The first thing you can do is to start checking all of your archery hunting equipment and bow accessories. Having the peace of mind in knowing your gear is all ready to go really does help. Especially if you’re practicing with your bow pretty often, you should really check it for any wear and tear issues. Particularly, focus on the string and cams for any fraying or lean, respectively. Of course, having the best compound bow accessories makes a big difference. Make sure you’ve got your sights dialed in where you want it to be. Similarly, look your deer stands over to make sure they’re in good shape, or get another one if it’s too old. A good bow hunting tree stand should be easy enough to carry around and set up, and offer a wide area to shoot out of. That way, you don’t have to worry about the bow limb hitting a shooting rail.

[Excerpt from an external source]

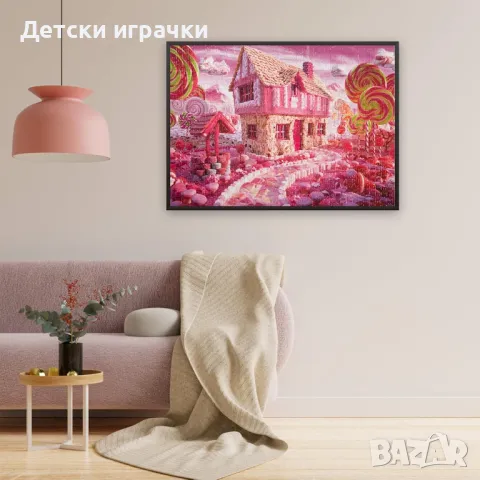 Пъзел къща за бонбони 500 части , снимка 3 - Игри и пъзели - 49718147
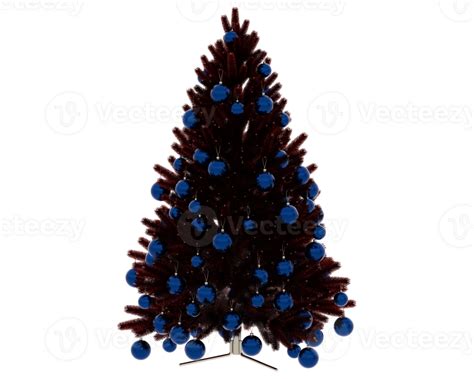 Christmas Tree Isolated On Background 3d Rendering Illustration 35897399 Png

As opening day gets closer, start practicing more often but shooting fewer arrows each session. Also try to make it as realistic to a hunting situation as possible. You want to truly feel like you’re bow hunting deer. There are a few ways you can do this. By shooting only one or two arrows each time, it forces you to really focus on making the shot count just like you need to when you’re bow hunting for whitetail deer. That way, you’ll be used to doing so when the time comes. This is a huge mental hurdle to clear, but very important in your progression. In the final weeks before season, practice in your full hunting gear from a tree stand using a 3D target. This is as realistic as it can get for practice sessions. That’s important for truly visualizing a hunting scenario in your mind, and getting comfortable with your pre-shot routine. It might sound ridiculous, but each time you watch deer hunting videos or look at whitetail deer pictures, visualize every little detail about sitting in a stand watching the encounter unfold, and plan how you would handle it. Watch yourself making the shot confidently, which many athletes do before games, to give you confidence.

Additionally, start a consistent method each time you draw your bow during practice. That could include checking your anchor points are the same, making sure you’re breathing steadily instead of holding it in, and slowly circling your intended target instead of trying to punch the release as soon as your pin drifts over the right spot. Shooting at a 3D target of a deer will also train your mind to adjust shot angles automatically and get you used to shooting at a deer profile instead of a red bullseye. It’s also helpful to take at least a few shots with your actual hunting arrow and broadheads so you can make any adjustments to your bow. Fixed broadheads can sometimes fly a little differently than field tips, but expandable broadheads should shoot truer to them.

Bow Hunting Preparation = Success

As you can see, there’s a whole lot more to preparing for archery hunting than simply shooting your bow. If you can devote the time to the mental and physical preparation steps discussed above, you’ll find that opening morning almost feels like just another practice session. Familiarity and confidence in your abilities goes a long way to ensuring you can get things done when the right deer finally does step out in front of you.